Summary: A sermon of encouragement from Daniel and the Lions.

WE WIN!

Daniel 6:1-23

John 16:25-33

Congratulations! You’re a winner! Those are the words everybody likes to hear. I know that because if we didn’t like to win Advertising Agencies and Marketing Consultants wouldn’t use the idea of winning to entice us to buy almost every product imaginable. This week alone for $100 dinner place I could have won the house I’ve always dreamed of owning, a 25 dollar ticket could have won me a car, a free draw could have won me a Carribean Cruise, buying four C.D.’s could have made me $250,000 richer, a $1.00 ticiet could have won me 2 million dollars and just one more dollar on that very same ticket might have won me $100,000. Buying a caramel flaky pastry this week did win me a ’buy-one-get-one free’ Whopper at Burger King and a Twix Chocolate bar won me a free Supreme Personal Pan Pizza at Pizza Hut. So if I look a few pounds heavier this week it’s from all the healthy food I’ve had! But we all like to win and we all face many chances to win every day. And that’s just it, isn’t it. It’s a matter of chance. We could win. But then again, we might not, too. It is not a sure thing. But this morning what I have to offer you is a sure thing. It’s a winner, and it’s a winner every time. I used that phrase this week that we often hear. I said, "I can’t win if I don’t play." But to be on the winning team this morning, there are no games to play and it’s not a matter of chance. There is some risk, but we will always win.

You see, Jesus said in the last half of the last verse we read this morning, he says: "In this world you will have trouble, But take heart! I have overcome the world." Now there’s something in that statement that really gets me excited. It gets me more excited than even the possibility of winning, because Jesus said, "I have overcome the world." It’s that little word "have" in there that gets my heart going a little faster every time I read it. Because you see, it tells me, it’s already done. And for a little while this morning, I would like us to consider what it means to live as winning Christians. Because Jesus tells us three very specific things in this little phrase that give to us a kind of blueprint for what will happen when we’re on his team.

Just like any great coach would do, Jesus lays it on the line for us. He tells us what to expect, then he gives us instructions for our strategy - what it is we’re to do, and then, then he assures us of victory. And victory is guaranteed!

1. First, Jesus tells us what to expect. He says, "In this world, you will have trouble..." Now as much as we like winning, none of us really like trouble, do we? But how often do we hear someone say, "Oh, it was worth the trouble!" I expect Daniel knew it was worth the trouble. We read about him first this morning. In fact, Daniel got into so much trouble that he ended up in the lions’ den. Now that’s not the lion’s den that the little boy talked about when he and his family came home from church one Sunday.

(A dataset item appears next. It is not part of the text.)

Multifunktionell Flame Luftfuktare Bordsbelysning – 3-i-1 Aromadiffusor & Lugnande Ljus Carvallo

The sermon had been about Daniel, and the preacher had described quite vividly about Daniel’s experience in the lion’s den. On the way home from the church, the little boy complained that the preacher seemed to be making an awful fuss about it. Mother looked at the young lad and said, "About what dear?" To which the little boy replied. "About Daniel in the lions’ den. I guess it must have been his very first circus." Well, I think Daniel knew that it wasn’t a circus he was going to. And we today, as we face the world with a pure and contrite heart of service to God, will most often, feel like we’re not at the circus but that we are indeed in the middle of the lion’s den.

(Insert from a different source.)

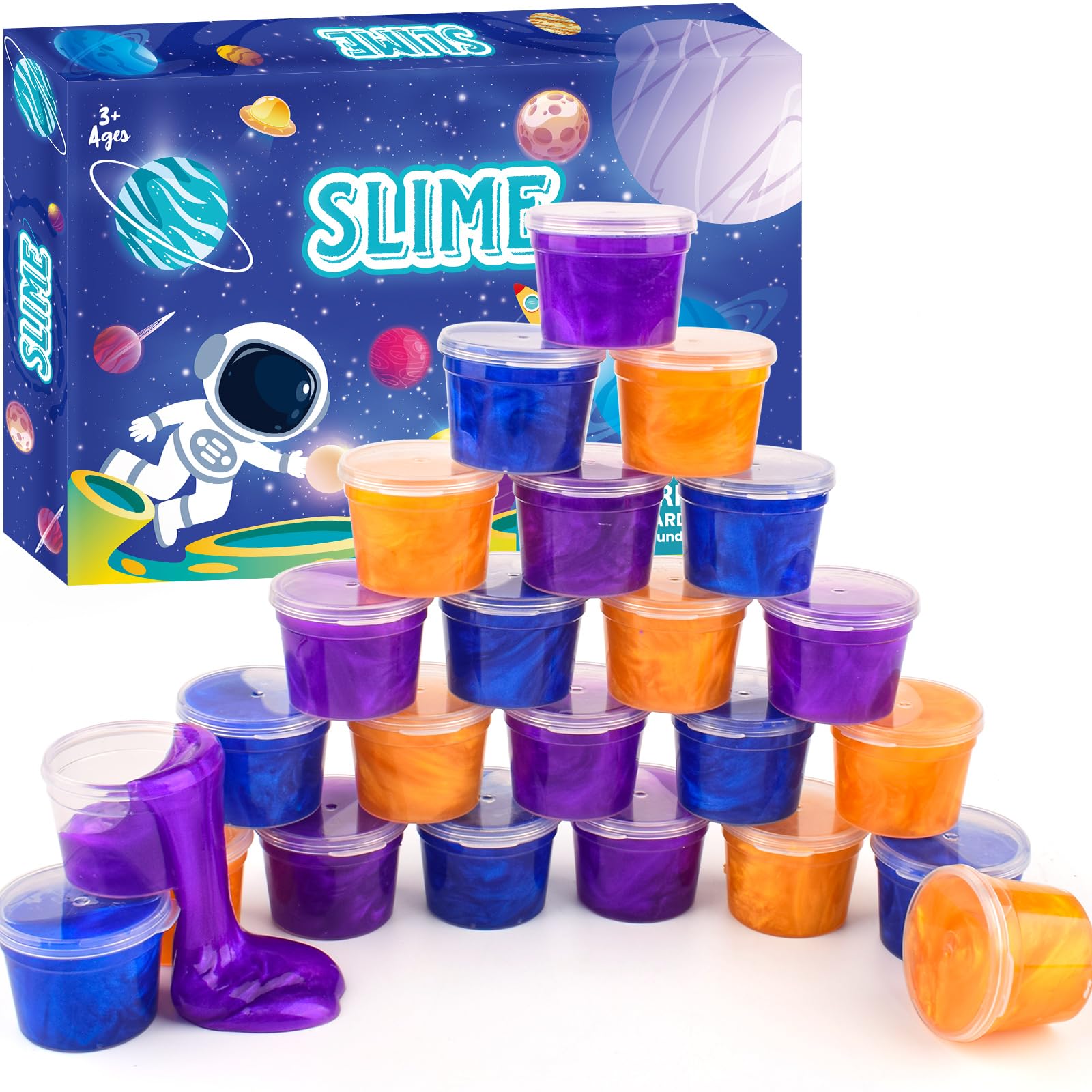 Galaxy Slime 24 Pack – Blue, Gold & Purple Slime Party Favors, Non-Sticky, Soft Slime Kit for Classroom Prizes, Christmas Stocking Stuffers, Goodie Bag Stuffers,Easter Basket Stuffers for Kids — image 1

Perhaps Dr. C.I. Scofield says it best when he relates that within a week after his conversion, he passed by the window of an art gallery in St. Louis. He saw hanging there an engraving of a painting of Daniel in the den of lions. The prophet with his hands behind him, and the lions circling about him, is looking up and answering the king’s question. "The one thing," says Dr. Scofield, "that I was in mortal fear of, in those days, was that I might go back to my sins. I was a drunken lawyer in St. Louis when I was converted, with no power over an appetite for strong drink, and I was so afraid of a barroom or a hotel or a club that when I saw I was coming to one I would cross the street. I was in torment day and night. No one had told me anything about the keeping power of Jesus Christ. I stood before that picture, and a great hope and faith came into my heart, and I said, "Why, these lions are all around me - they are, he said, my old habits and sins - but the God that shut the lion’s mouth for Daniel can shut the lion’s mouth for me." I learned, he says, that my God was able. He had forgiven me, and He was able to deliver me from the lions. Oh, what a rest it was!" I don’t know what lions are circling around you today, but this I do know - that when Jesus said that in this world we would have trouble, he meant it. But I also know that for whatever you’re struggling with today, whatever your temptation or testing may look like, the same God that protected Daniel in the lion’s den over 2000 years ago, is still God today, and while the lions may circle around you, while they may be pacing at your side, their mouths will be shut. You know, sometimes in our Bibles, I’ve noticed that the heading for the story about Daniel is called: "Daniel delivered from the lion’s den." I prefer the heading like it is here in my Bible. It says, "Daniel in the lion’s den." You see, God didn’t prevent Daniel from being thrown into the den. He didn’t prevent the lid from being placed on the den and it being securely sealed so that maybe a friend could come along and get him out. God didn’t stop any of that. And I think what Jesus is saying to us in his own words is that, like Daniel, we will go through some pretty rough times, we will have trouble in this world. But I think like Daniel, we will be able to look up and say, "Oh King live forever! My God has sent his angel, and he shut the mouths of the lions. They have not hurt me."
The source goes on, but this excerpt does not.